Senate debates

Wednesday, 28 November 2018

Bills

Halal Certification Transitional Authority Bill 2018; Second Reading

3:42 pm

Photo of Cory BernardiCory Bernardi (SA, Australian Conservatives) Share this | | Hansard source

I move:

That this bill be now read a second time.

I seek leave to table an explanatory memorandum relating to the bill.

Leave granted.

I table the explanatory memorandum and seek leave to have the second reading speech incorporated in Hansard.

Leave granted.

The speech read as follows—

This Bill is introduced to arrest the Coalition Government's Halal Inaction Clock.

The Australian Conservative Party maintains the clock on its website and on l December it will tick over to 3 whole years of inaction on the Senate Economic References Committee's 2015 inquiry into Third Party Certification of Food ("the 2015 inquiry").

This Bill remedies the Parliament's inaction by taking reasonable and proportionate measures to address the concerns expressed by the 2015 inquiry about the halal certification industry.

The submissions to the 2015 inquiry and its findings demonstrated the widespread fraud and misrepresentation to consumers within the halal certification industry.

The fraud in this sector is not a new phenomenon. In September 1982 a federal Royal Commission report into the infamous meat substitution scandal also found there had been fraud within the meat export industry regarding halal certification. As a result, the Australian Government took a role in certifying red meat as halal for export purposes. The Royal Commission report included Appendix H which remained withheld from publication for 30 years, due to the recommendation that the cases in Appendix H be investigated for prosecution.

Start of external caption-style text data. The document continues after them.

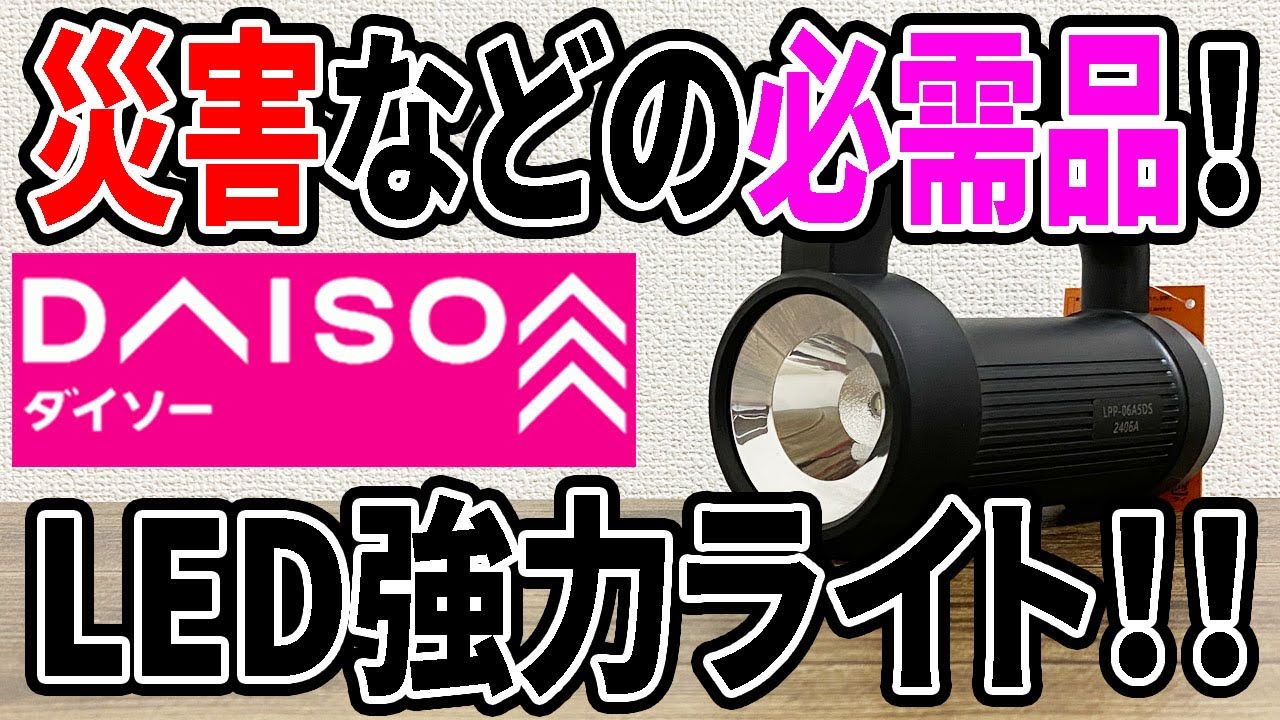 100均で買った潰れてしまった懐中電灯 100均の懐中電灯！これまで買ってみた物！雪山行ったので比べてみた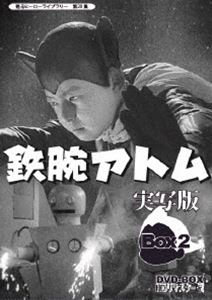 甦るヒーローライブラリー 第20集 鉄腕アトム 実写版 DVD-BOX HDリマスター版 BOX2 [DVD]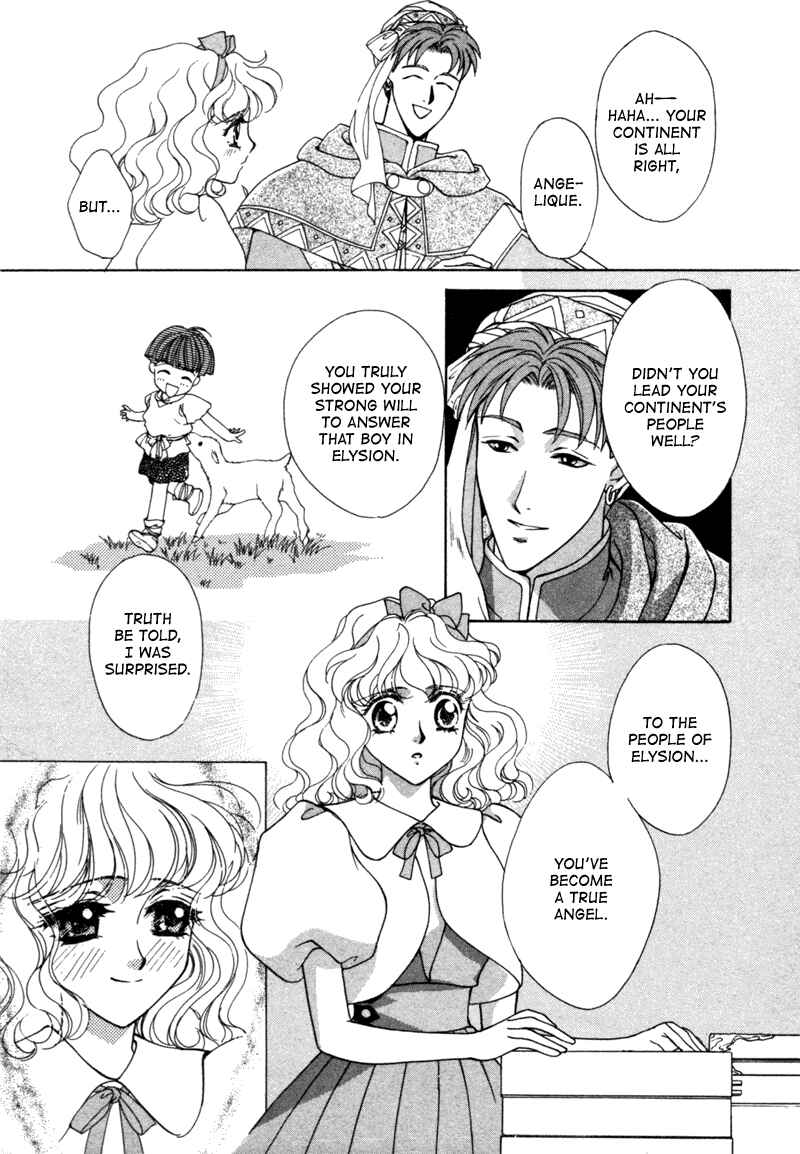 Page 20 Chapter 9 Angelique (YURA Kairi)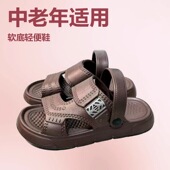 厚底中年爸爸鞋 新款 男春夏新款 舒适休闲凉拖鞋 eva凉鞋 男沙滩鞋
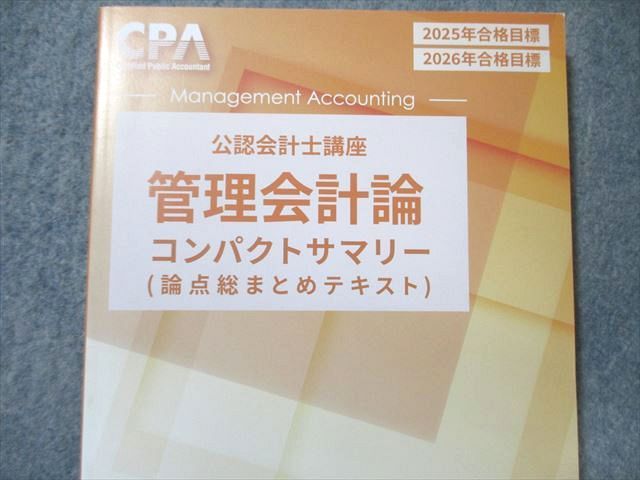 CPA会計学院 公認会計士講座 管理会計論 テキスト1～4/個別計算問題集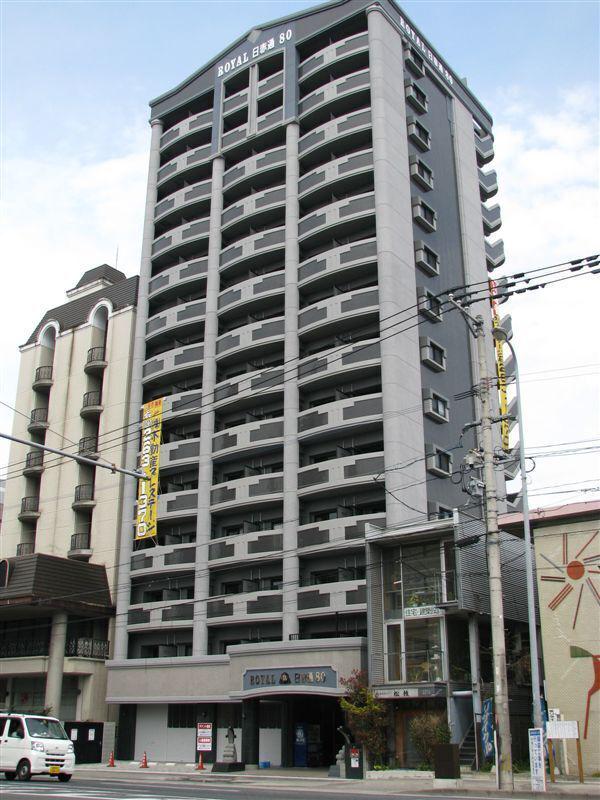 ロイヤル日赤通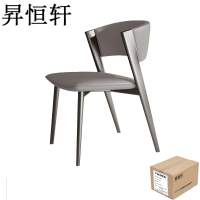 昇恒轩 餐椅家用轻奢现代简约极简书桌椅凳子 SHX-282 浅灰 /把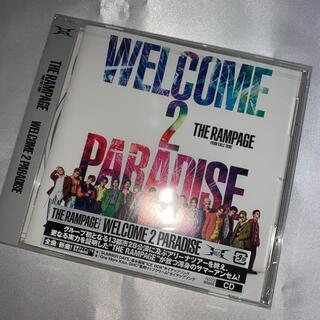 ザランページ(THE RAMPAGE)のWELCOME 2 PARADISE 《CD》(ポップス/ロック(邦楽))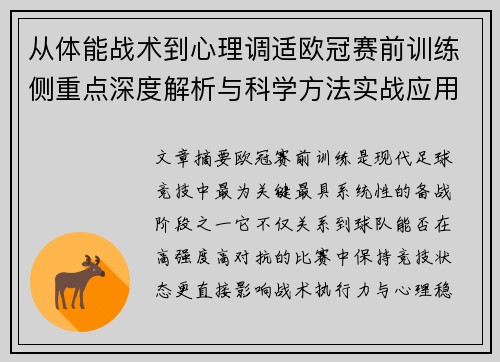 从体能战术到心理调适欧冠赛前训练侧重点深度解析与科学方法实战应用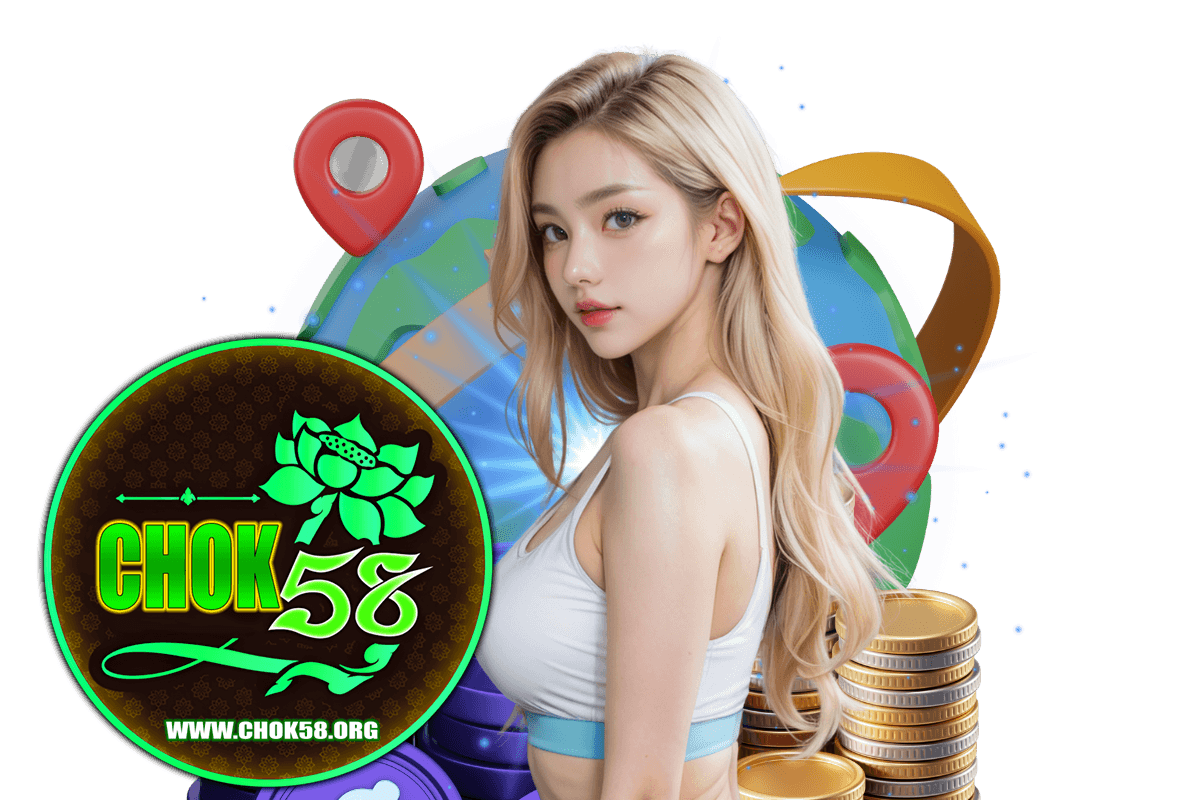 chok58 แจกเครดิตฟรี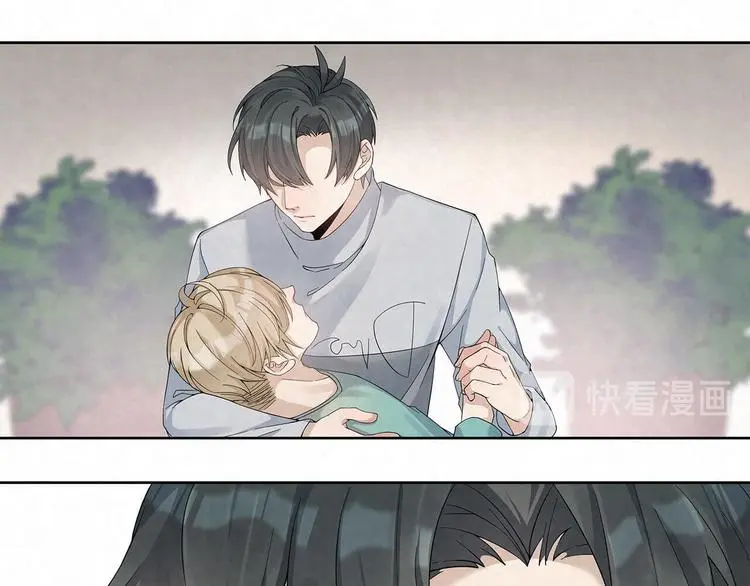 第62话 早点回家 第1页
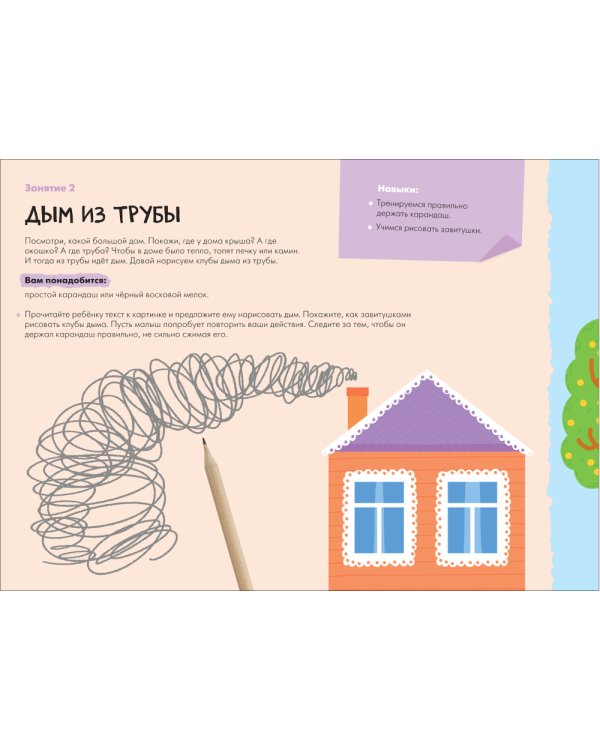 Школа семи гномов. Мастерская 0+ (набор из 5 альбомов для творчества)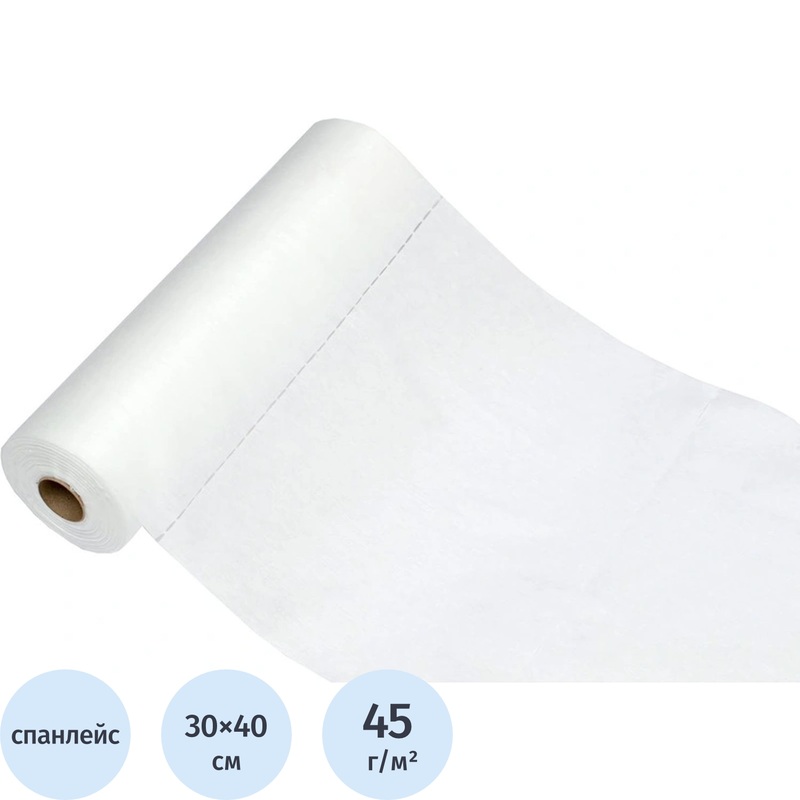 Изображение товара Одноразовые салфетки Комус рулон 30x40 см, 100 штук, нестерильные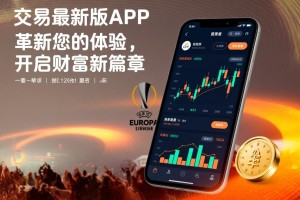 欧联交易最新版APP，革新您的交易体验，开启财富新篇章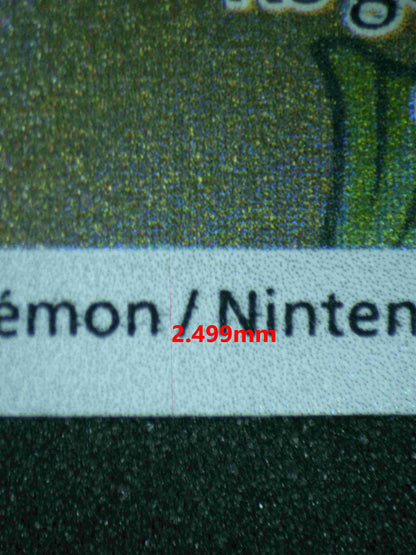 05379 EEVEE - ValueUp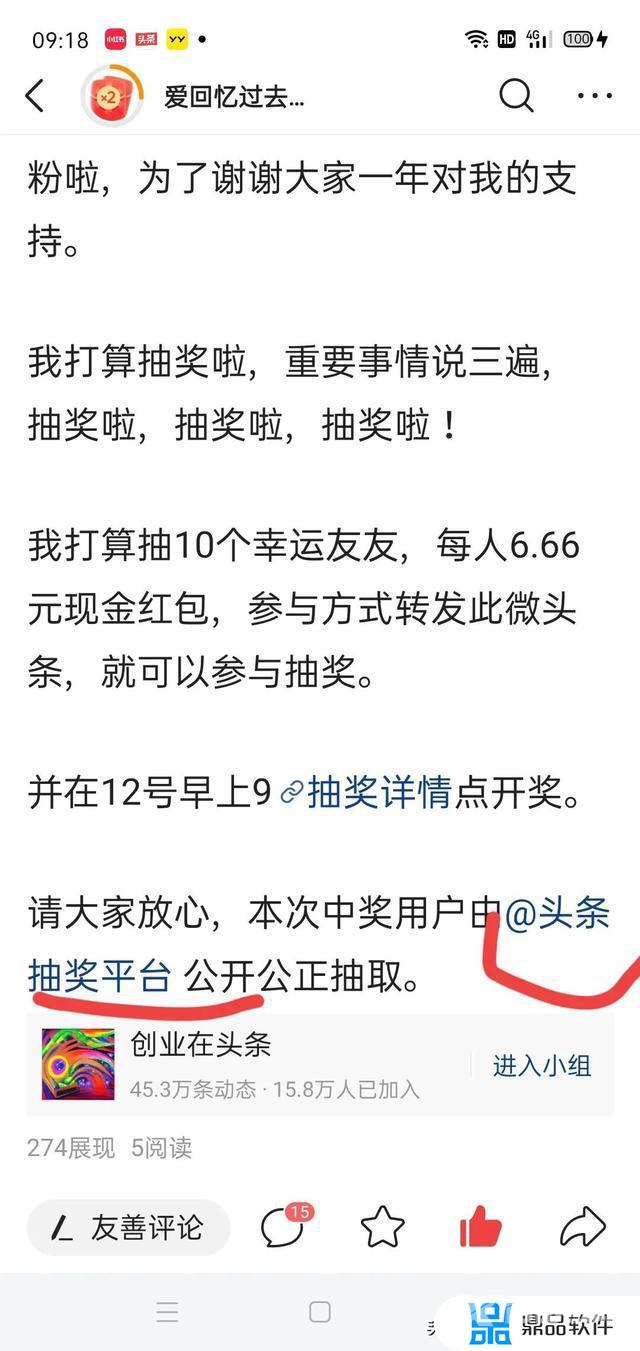 抖音最新版本没有转发功能(抖音最新版本没有转发功能2022)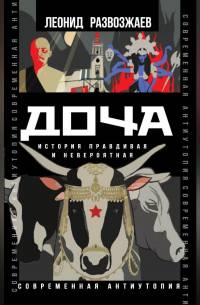 Доча. История правдивая и невероятная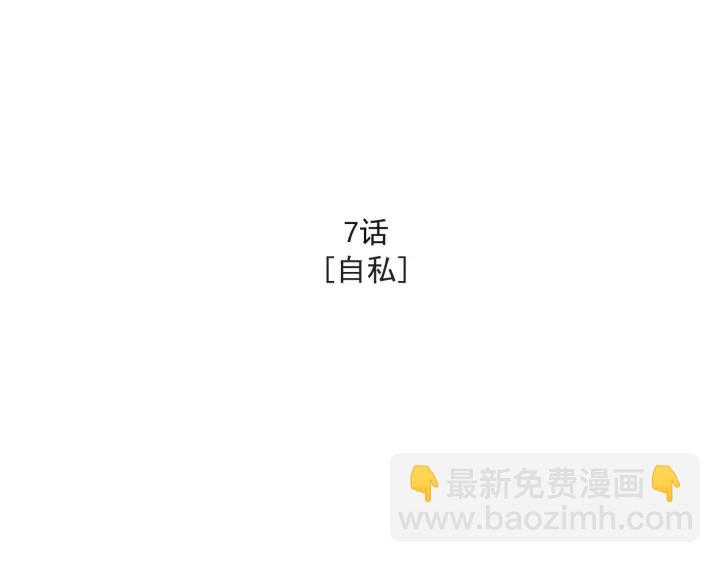 7话 自私7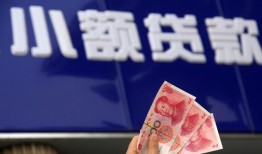 长沙信用短借当天借钱-长沙信用无抵押私人贷款-长沙信用借私借
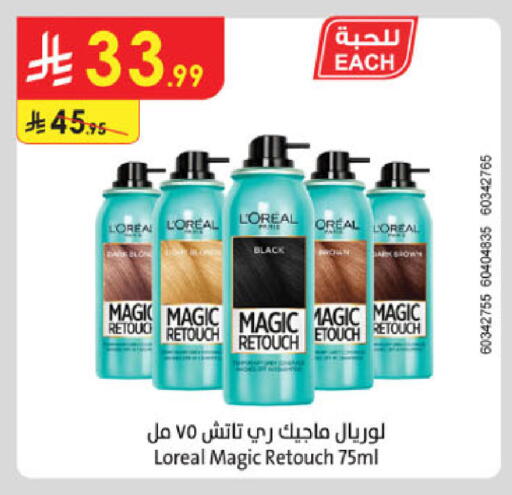 available at Danube in KSA, Saudi Arabia, Saudi - Mecca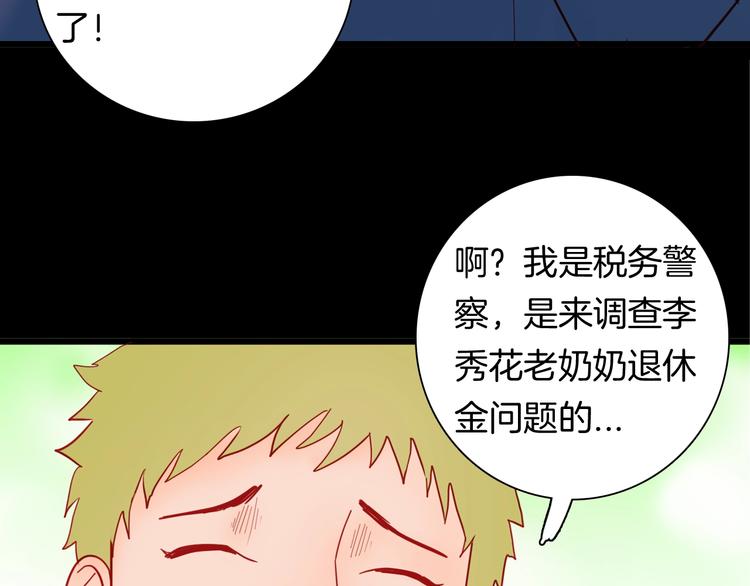 《山林怪谈》第120话 盆景艺术家（上） 第30页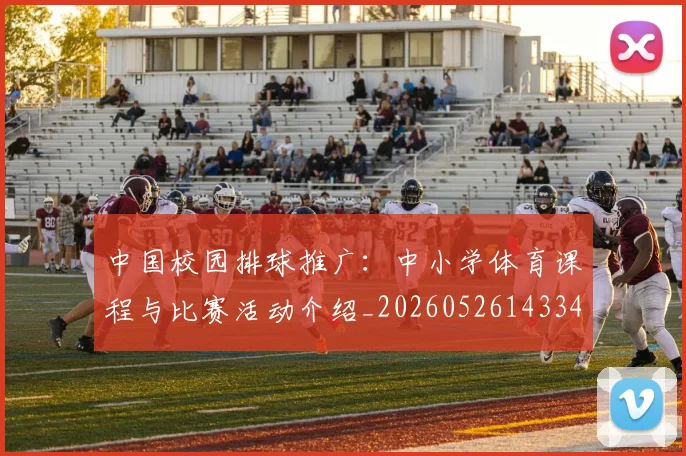 中国校园排球推广：中小学体育课程与比赛活动介绍_20260526143345_20260703203102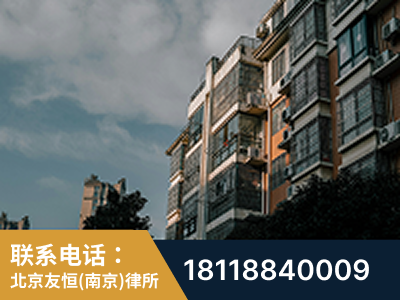 栖霞-北京某小贷公司宋某非法拘禁他人案-郑祥律师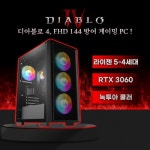 영재컴퓨터와 함께하는 이달의 추천 PC, 디아블로 4를 위한 최적의 게이밍 PC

Case 17 from Victoria related to Halal Slaughter and Certification. Therein, Woodward Jstated:

"I have referred in the body of my report to various types of malpractice associated with halal slaughter and certification: forging of AFIC certificates, obtaining of AFIC certificates by falsely representing to AFIC that animals had been slaughtered according to Islamic rights when they had not, corruption of Muslim slaughtermen and forging of consular seals and signatures … One large meatworks operator obtained halal certificates from AFIC for millions of dollars worth of meat by presenting interim certificates signed by a registered slaughterman who in fact had not slaughtered the animals which we the subject of those interim certificates. The size of the operation can be gauged from the fact that, when found out, some $2m worth of meat certified in this way was still held in cold-storage. The operator had paid a registered AFIC slaughterman to provide false certificates at a rate of 20c per carton certified. It had paid him more than $38,000 in the space of just over ten months. The slaughterman presented his false certificates to the state Islamic Council office which issued final certificates without question. The matter came to light only by chance when an employee at the state Islamic Council tried to ring the man at work only to be told he did not work there."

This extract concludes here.